Ready slightly cooled sauce is mixed with mushrooms, watered with them seafood, laid out in a layer on the bottom of the cocotte. Sprinkle with grated cheese, bake in the oven for 7-10 minutes. "Sea" julienne, the recipe of which was brought to Russia by the ubiquitous tourists, is ready. The composition of seafood, by the way, may vary.
If seafood is not at hand, but there is fish, you can cook fish julienne. The recipe is simple.
Fish fillet (the type does not matter) is cut into strips, sprinkled with lemon juice, left in a covered bowl. Fry onions with mushrooms until half ready. Mix flour, dry wine, sour cream, spices, salt. Stew until foods are completely cooked. Add grated nutmeg, cool. Pre-chopped fish and yolk are added to the mixture, everything is laid out in a cocotte bowl and cooked in a water bath until the fish is ready. Sprinkle the dish with cheese, bake.
You can cook traditional julienne. The classic recipe provides a different ratio of products.

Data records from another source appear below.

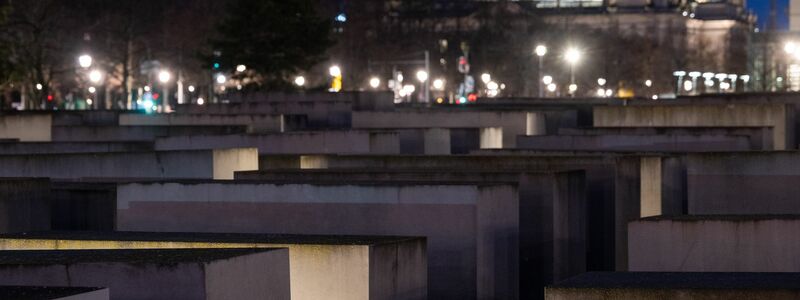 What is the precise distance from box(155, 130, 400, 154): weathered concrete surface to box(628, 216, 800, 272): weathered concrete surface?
14354mm

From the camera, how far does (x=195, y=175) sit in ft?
79.7

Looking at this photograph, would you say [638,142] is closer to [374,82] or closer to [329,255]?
[329,255]

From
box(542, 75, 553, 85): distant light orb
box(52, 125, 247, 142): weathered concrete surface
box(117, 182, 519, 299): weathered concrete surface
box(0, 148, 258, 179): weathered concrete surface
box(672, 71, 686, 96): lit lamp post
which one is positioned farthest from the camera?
box(672, 71, 686, 96): lit lamp post

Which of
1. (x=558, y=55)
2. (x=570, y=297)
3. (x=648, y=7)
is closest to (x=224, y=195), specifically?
(x=570, y=297)

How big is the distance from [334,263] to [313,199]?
3179 mm

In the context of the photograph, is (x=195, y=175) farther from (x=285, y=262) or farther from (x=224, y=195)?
(x=285, y=262)

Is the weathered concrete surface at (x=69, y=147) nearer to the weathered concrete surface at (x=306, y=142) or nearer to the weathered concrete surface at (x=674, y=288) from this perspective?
the weathered concrete surface at (x=306, y=142)

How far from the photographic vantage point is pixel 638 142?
103 ft

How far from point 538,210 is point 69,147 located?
1247 centimetres

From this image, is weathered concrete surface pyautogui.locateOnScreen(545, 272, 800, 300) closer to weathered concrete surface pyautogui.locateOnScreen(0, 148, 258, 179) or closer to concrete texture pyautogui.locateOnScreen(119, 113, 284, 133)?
weathered concrete surface pyautogui.locateOnScreen(0, 148, 258, 179)

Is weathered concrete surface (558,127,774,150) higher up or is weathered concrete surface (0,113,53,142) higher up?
weathered concrete surface (0,113,53,142)

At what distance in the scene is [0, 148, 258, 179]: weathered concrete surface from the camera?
24312mm

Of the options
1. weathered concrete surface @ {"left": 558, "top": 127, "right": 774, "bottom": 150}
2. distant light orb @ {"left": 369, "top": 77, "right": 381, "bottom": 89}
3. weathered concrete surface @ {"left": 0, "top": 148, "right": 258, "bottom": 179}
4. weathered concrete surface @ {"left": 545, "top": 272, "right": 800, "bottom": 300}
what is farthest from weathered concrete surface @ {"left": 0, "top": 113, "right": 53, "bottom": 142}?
distant light orb @ {"left": 369, "top": 77, "right": 381, "bottom": 89}

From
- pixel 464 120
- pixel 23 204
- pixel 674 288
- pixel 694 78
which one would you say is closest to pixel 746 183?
pixel 23 204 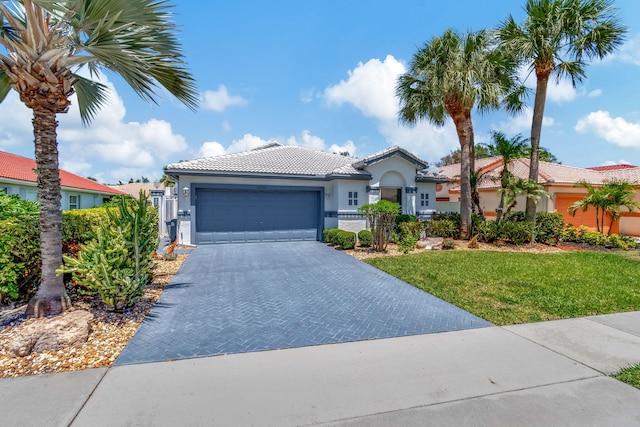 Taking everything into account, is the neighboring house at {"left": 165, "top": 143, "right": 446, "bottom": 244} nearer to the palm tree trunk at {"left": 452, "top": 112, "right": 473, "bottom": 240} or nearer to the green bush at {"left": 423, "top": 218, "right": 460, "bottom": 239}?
the green bush at {"left": 423, "top": 218, "right": 460, "bottom": 239}

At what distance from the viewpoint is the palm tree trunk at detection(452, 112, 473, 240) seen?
576 inches

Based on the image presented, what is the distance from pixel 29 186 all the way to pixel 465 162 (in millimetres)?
22927

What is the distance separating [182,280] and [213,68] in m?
6.63

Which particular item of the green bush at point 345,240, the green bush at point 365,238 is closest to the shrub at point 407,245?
the green bush at point 365,238

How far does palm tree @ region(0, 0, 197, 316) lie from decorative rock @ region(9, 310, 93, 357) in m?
0.84

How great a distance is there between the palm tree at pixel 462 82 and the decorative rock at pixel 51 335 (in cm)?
1454

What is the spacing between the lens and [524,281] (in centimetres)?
816

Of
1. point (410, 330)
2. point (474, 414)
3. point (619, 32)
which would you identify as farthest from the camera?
point (619, 32)

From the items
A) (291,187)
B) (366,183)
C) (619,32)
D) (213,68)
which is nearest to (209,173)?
(291,187)

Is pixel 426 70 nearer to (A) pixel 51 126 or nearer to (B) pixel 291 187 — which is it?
(B) pixel 291 187

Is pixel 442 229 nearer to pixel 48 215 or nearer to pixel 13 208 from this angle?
pixel 48 215

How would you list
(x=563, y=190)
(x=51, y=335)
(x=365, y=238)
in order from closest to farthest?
(x=51, y=335), (x=365, y=238), (x=563, y=190)

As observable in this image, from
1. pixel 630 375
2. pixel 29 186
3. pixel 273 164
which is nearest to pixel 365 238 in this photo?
pixel 273 164

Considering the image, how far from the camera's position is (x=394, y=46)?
1479 cm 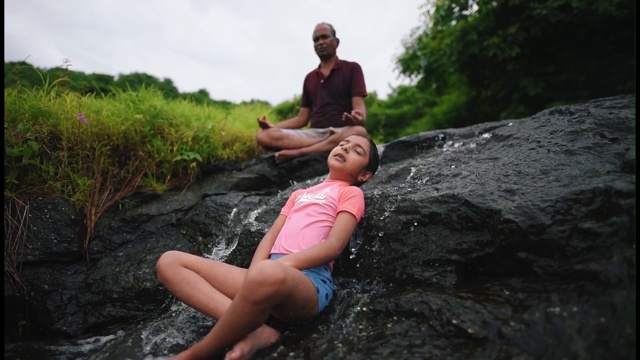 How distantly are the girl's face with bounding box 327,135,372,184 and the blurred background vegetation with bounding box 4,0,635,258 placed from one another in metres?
2.06

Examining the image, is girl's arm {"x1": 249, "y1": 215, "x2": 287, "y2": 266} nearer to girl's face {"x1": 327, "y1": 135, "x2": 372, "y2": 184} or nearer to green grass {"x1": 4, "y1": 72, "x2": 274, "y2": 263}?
girl's face {"x1": 327, "y1": 135, "x2": 372, "y2": 184}

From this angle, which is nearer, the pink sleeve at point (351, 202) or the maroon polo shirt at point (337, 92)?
the pink sleeve at point (351, 202)

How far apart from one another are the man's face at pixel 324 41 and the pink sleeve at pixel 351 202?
9.17ft

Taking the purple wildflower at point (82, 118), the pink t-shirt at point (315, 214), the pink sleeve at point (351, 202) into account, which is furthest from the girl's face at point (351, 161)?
the purple wildflower at point (82, 118)

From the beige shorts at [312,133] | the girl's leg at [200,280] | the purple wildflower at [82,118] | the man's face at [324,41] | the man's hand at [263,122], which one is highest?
the man's face at [324,41]

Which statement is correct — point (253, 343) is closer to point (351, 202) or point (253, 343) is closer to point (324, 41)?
point (351, 202)

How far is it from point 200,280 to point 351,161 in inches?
48.4

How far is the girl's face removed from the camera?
8.69 feet

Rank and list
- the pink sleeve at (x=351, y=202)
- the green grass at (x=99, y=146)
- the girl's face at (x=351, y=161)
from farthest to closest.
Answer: the green grass at (x=99, y=146) → the girl's face at (x=351, y=161) → the pink sleeve at (x=351, y=202)

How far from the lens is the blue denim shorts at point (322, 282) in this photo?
2092 millimetres

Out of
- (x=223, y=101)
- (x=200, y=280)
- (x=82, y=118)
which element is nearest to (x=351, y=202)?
(x=200, y=280)

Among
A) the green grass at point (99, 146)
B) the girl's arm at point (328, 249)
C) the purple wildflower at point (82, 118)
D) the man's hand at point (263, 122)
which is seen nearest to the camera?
the girl's arm at point (328, 249)

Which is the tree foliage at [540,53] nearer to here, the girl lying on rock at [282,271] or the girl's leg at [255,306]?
the girl lying on rock at [282,271]

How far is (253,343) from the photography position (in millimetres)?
1878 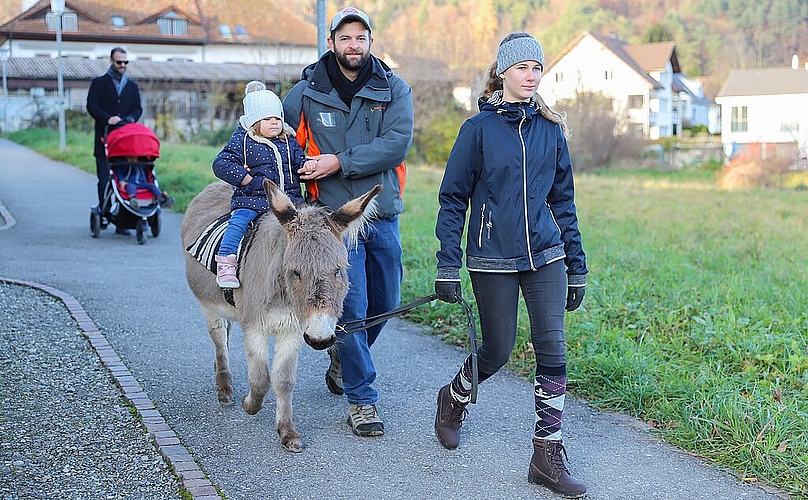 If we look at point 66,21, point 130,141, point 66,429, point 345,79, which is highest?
point 66,21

So, for 300 g of mushrooms you will need:
β’ half a liter of milk;
β’ 200 g of cheese;
β’ 100 g of cow's butter;
β’ lemon.
He is preparing simply. First, mushrooms are fried with onions and lemon juice (it can be replaced with dry wine). Sauce is prepared from flour, milk and butter according to traditional technology, and they are filled with mushrooms spread in cocotte mills. Sprinkle with cheese, bake. Such a julienne will have a fatter, more saturated taste.
If desired, this recipe can be taken as a basis, and diversify the contents of the dish using vegetables, different types of meat, different varieties of mushrooms. Instead of sour cream, you can use yogurt or mayonnaise, and put the julienne in tartlets, buns, clay pots or metal coconuts.